The Bamboo Cradle
- Author: Avraham Schwartzbaum
- Genre: Biography
- Publisher: Feldheim Publishers
- Publication date: 1988

= The Bamboo Cradle =

1988 biographical story

The Bamboo Cradle is a biographical story written by Avraham Schwartzbaum about his adopted Taiwanese daughter Devorah, who converted to Judaism at age four.

First published in 1988 by Feldheim Publishers, the inspirational story tracks the story of Allen/Avraham and Barbara/Rachel Schwartzbaum as they become more devout Jews after adopting a foundling in a Taiwan train station. The book was translated by Ruth Feldheim into Hebrew as "מסין לסיני: עריסת הבמבוק" (From China to Sinai: The Bamboo Cradle) and published the same year. It was also translated into French by Daniel Halevy and published in 1990 under the title "Le Berceau de Bambou".

==Synopsis==
Allan Schwartzbaum tells the story of his time spent in Taiwan as a visiting professor from the United States on a Fulbright Scholarship teaching sociology.

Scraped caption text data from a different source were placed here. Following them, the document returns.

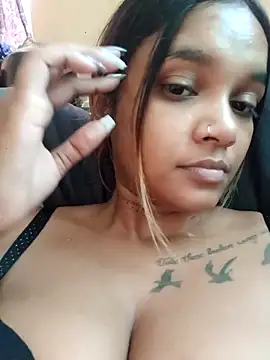 Indianqueen03 online show from December 17, 2025, 12:22 pm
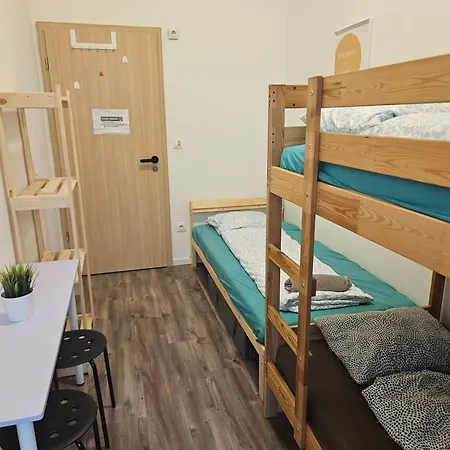 Urban Nomad And In Center Ostello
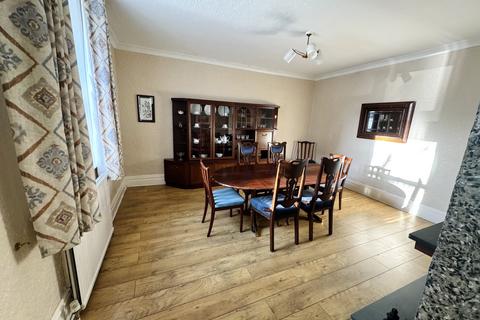 4 bedroom terraced house for sale, Hall Walk, Peterlee, County Durham, SR8
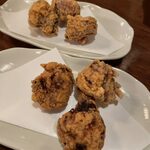 ウラニワ - 「中津唐揚(3ヶ)」580円、「宇佐唐揚(3ヶ)」580円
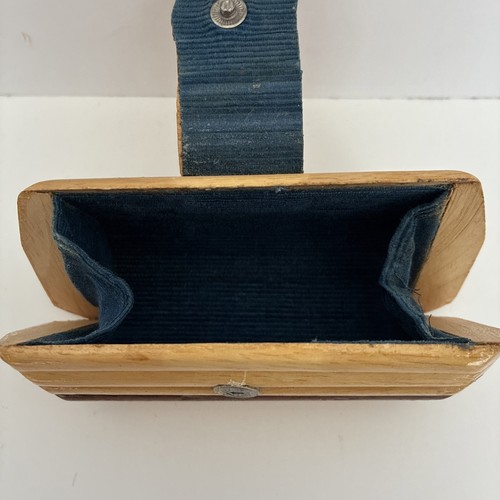 VTG 50’s Wooden Handbag/Clutch Snap Closure Velvet Lined 5.25” x 1.75” x 3” - Picture 6 of 18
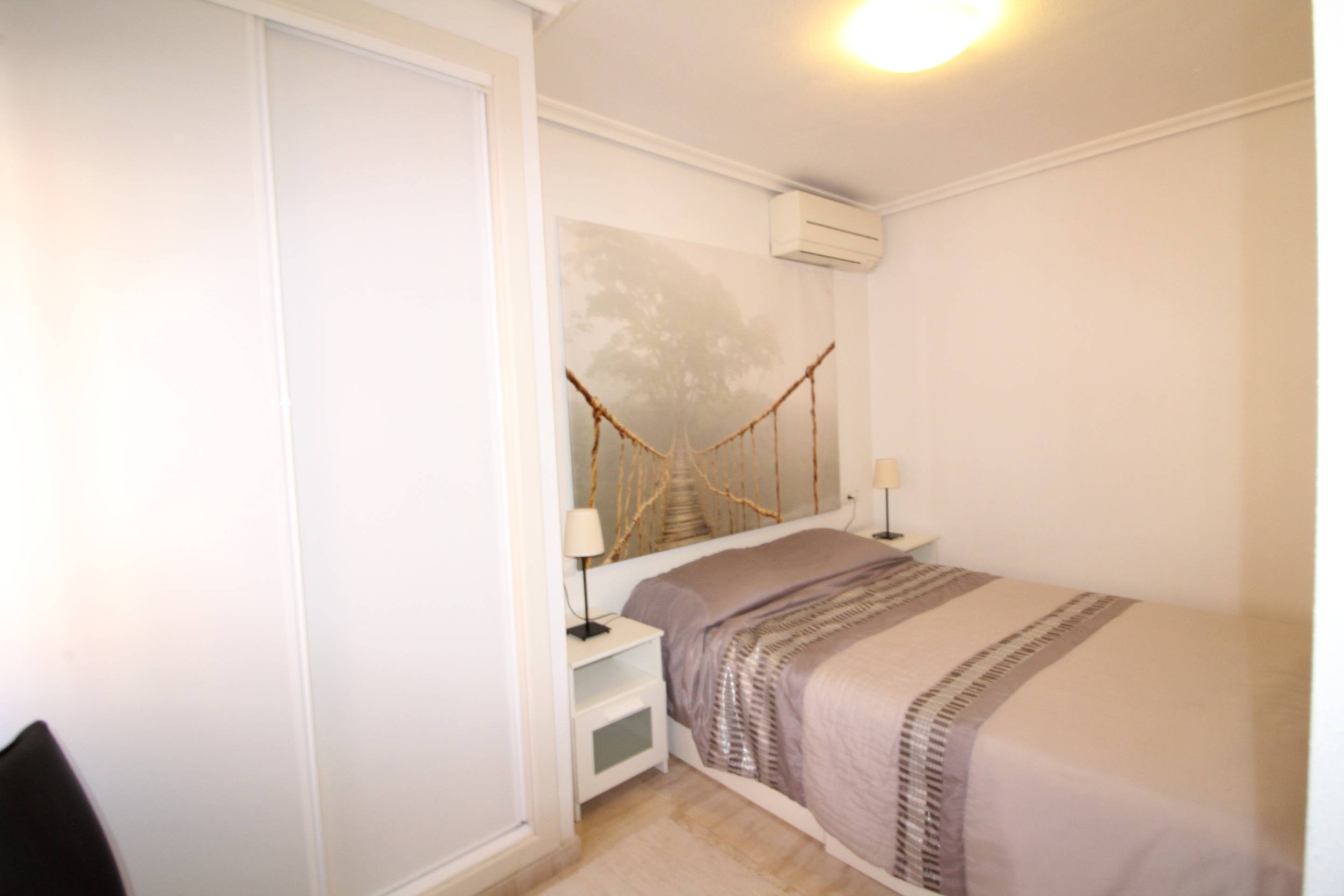 For sale - 2 Bedroom 1 Bathroom Apartment in Torrevieja - Centro  - Alicante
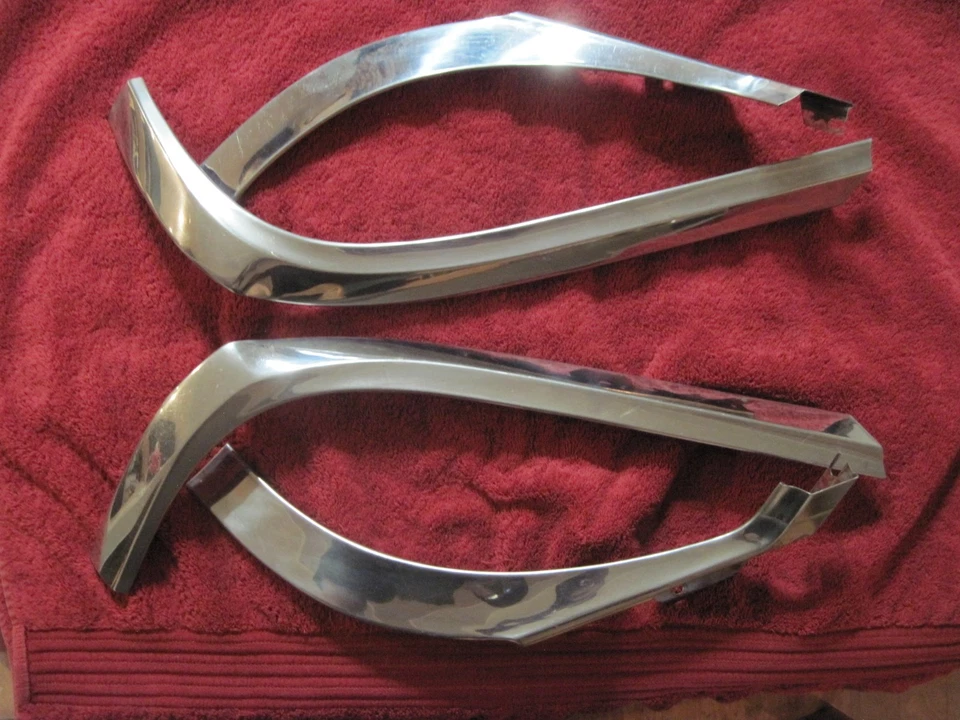 Chrysler Newport 1963 1964 parabrisas delantero moldura pilar A Foto 1 de 4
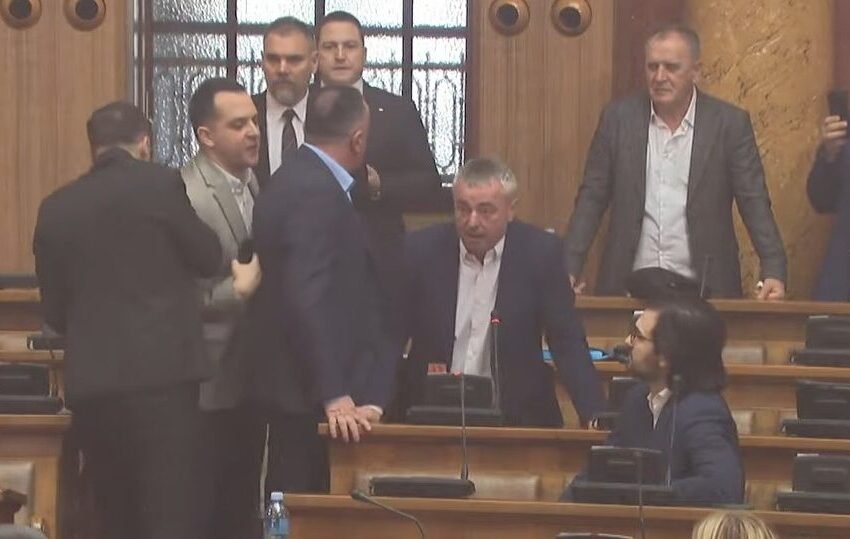 Pushteti në Serbi i krahason veprimet e opozitës serbe me ato të Albin Kurtit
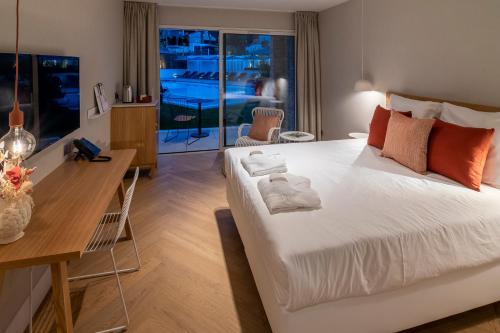 Кровать или кровати в номере Van der Valk Hotel Bloom Saint Aygulf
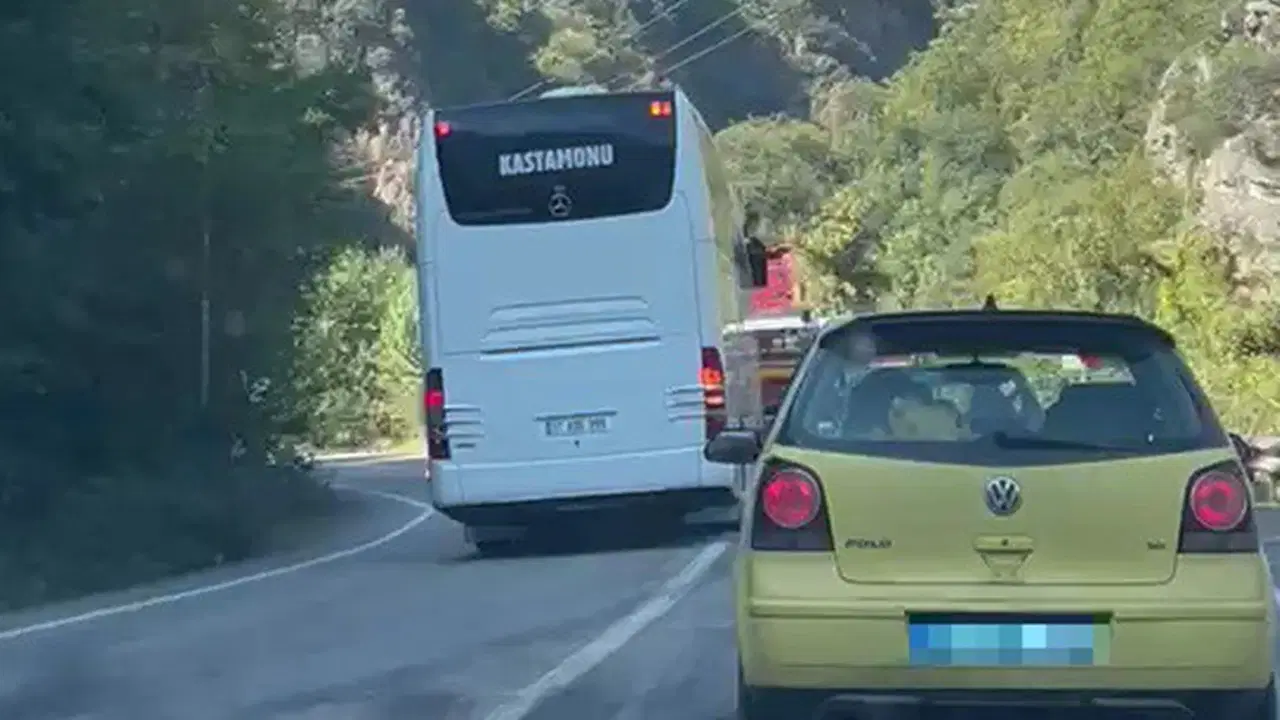 O anlar kamerada: Yolcu otobüsü şoförünün manevraları yürekleri ağızlara getirdi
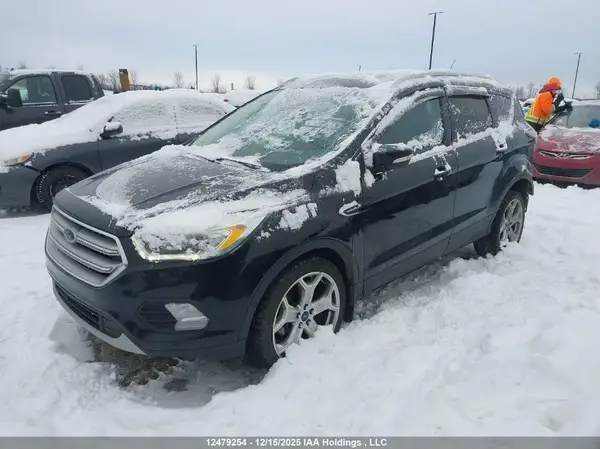 1FMCU9J90HUA71153 2017 FORD ESCAPE - Image 2
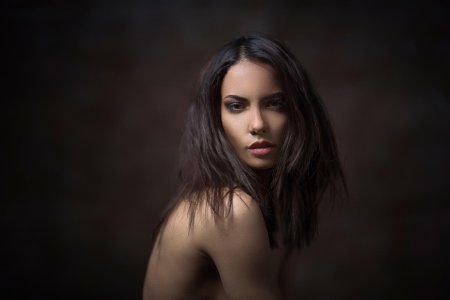 Студийный портрет девушки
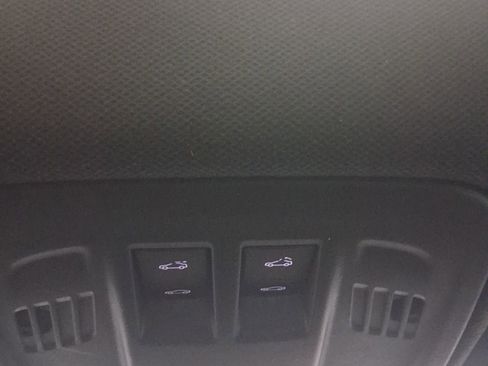 Used 2017 Chevrolet Cruze Premier image 27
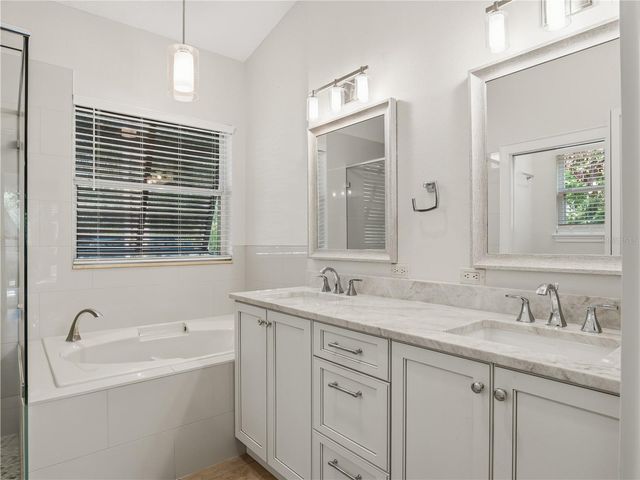 6043 LAKE ERIE ROAD, Groveland, FL 34736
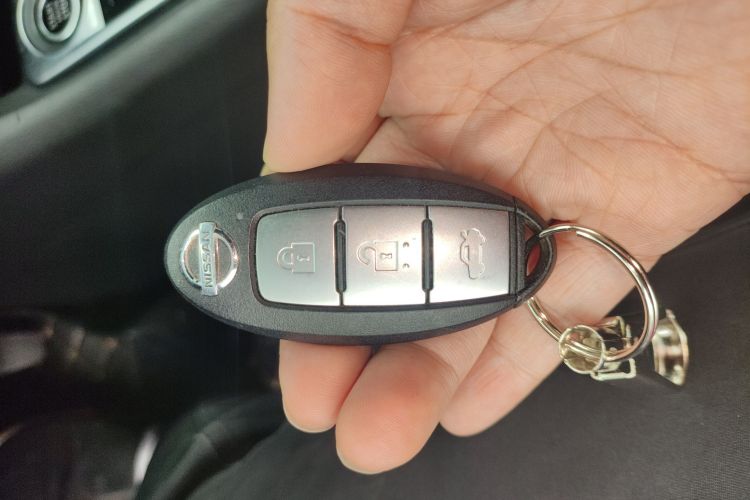 日产 轩逸 2020款 1.6L XL CVT悦享版中控内饰11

After nine years of marriage, he and his wife did not have children, despite wanting and trying to conceive. One day, on his way to work, he finds an abandoned baby girl in a train station and brings her to the station manager. He and his wife regret giving her to the station manager, and decide to find her in order to adopt her. They find her in the possession of a baby-selling ring masquerading as an orphanage and are eventually able to adopt her. After several more months, they return to the United States. In the US they research how to convert their new daughter. During their research they discover Judaism as a more meaningful lifestyle than they had realized before. Because of their adopted daughter, they traveled on a journey to becoming seriously observant, bringing up Devorah according to the strict laws of Judaism, and even eventually conceiving biological children.